Teen with Down-Syndrome Fighting to Continue to Play High-School Sports
- Published on Friday, 20 April 2012 16:12
Eric has had a lot of great moments that have brought pride to his parents, his team and himself. During this year's basketball play-offs he hit a three-pointer during the final minutes of the game against a rival team. His shot brought supporters on both sides to their feet. The reaction was the same when Eric kicked his first extra point for the football team at the end of the game two years ago. "I was amazed that he even had the opportunity to kick, and then when he did it, I thought woo-hoo! And then watching the kids react, they carried him off the field; it was just one of the best moments," recalls Eric's mother, Jill Dompierre.
Now that he's a junior in high-school in Michigan, 19-year old Eric is facing the possibility that his carreer may end at the end of this year. This would result in him missing the opportunity to play his senior year. The Michigan High School Athletic Association Constitution states that any student 19 or older or who turns 19 before September 1st of the current school year, is not allowed to play sports. The purpose of the rule is to eliminate the possibility of injury from an older player or of an unfair competitive advantage. Eric reached the age 19 early because he was held back in Kindergarten as a result of his disability. Twenty-three states allow age exceptions to be made for students with disabilities but Michigan is not one of them.
Eric's parents have been trying for two years to get the board to change the rule including among other things filing two proposals. However, the Michigan Athletic Association Comittee has not been willing to budge. James Derocher, committee president says "our members have to change the constitution and at this point in time they've told us 'no.' " Their biggest concern is other 19-year-olds asking for the same accomodation in the future with claims of a disability.

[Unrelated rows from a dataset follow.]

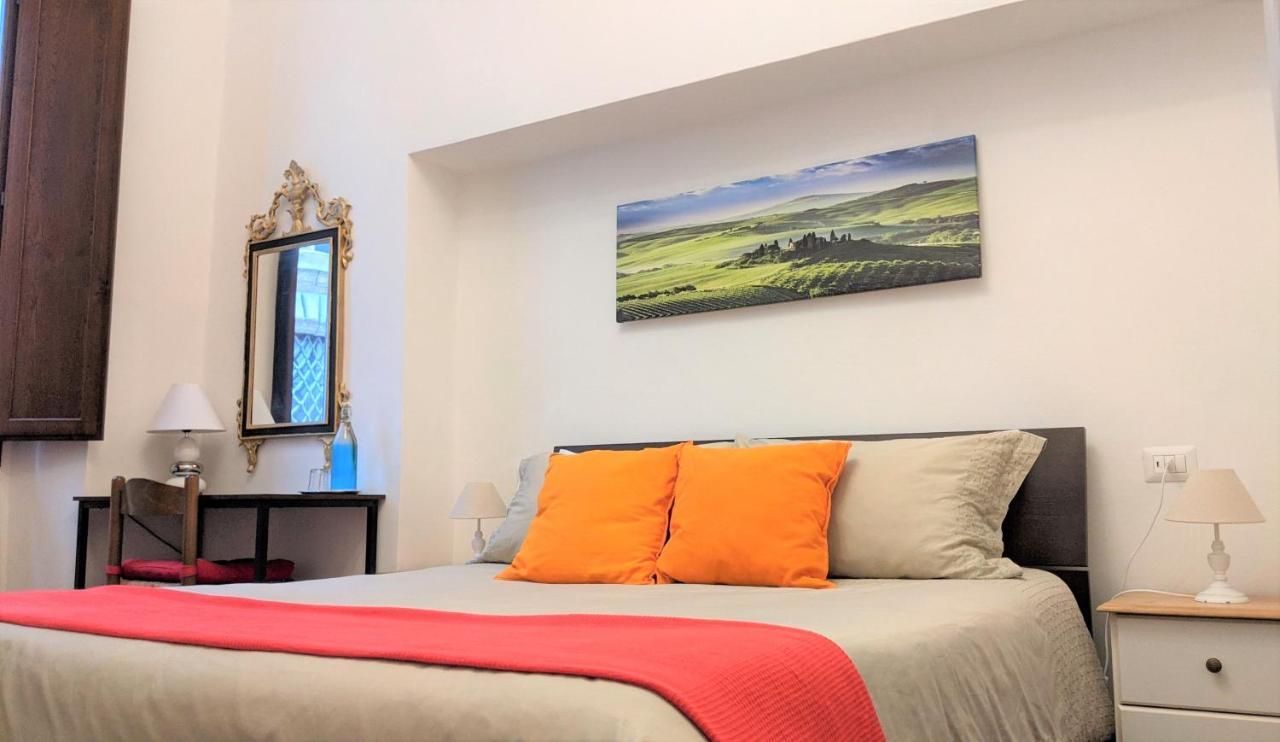 Maison Orange Firenze Eksteriør billede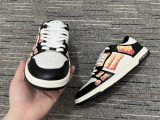 Men Women A*miri Top Sneakers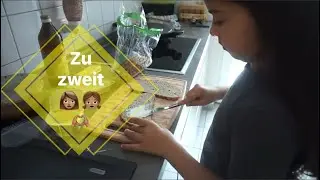 Zeit mit Lina | Lina hilft im Haushalt | Shein Kidswear with Charakter | Rabattcode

The school district has submitted a third proposal on Eric's behalf. The committee can choose to pass or deny it, or to put it to a vote for schools around the state. A decision will be made in May at the next committee meeting. An online petition has been made to encourage the comittee which now has more than 80,000 signatures.
And what does Eric say about all of this, "I would say let me be with my friends so I can be with them. They want me to play as much as I want to play with them."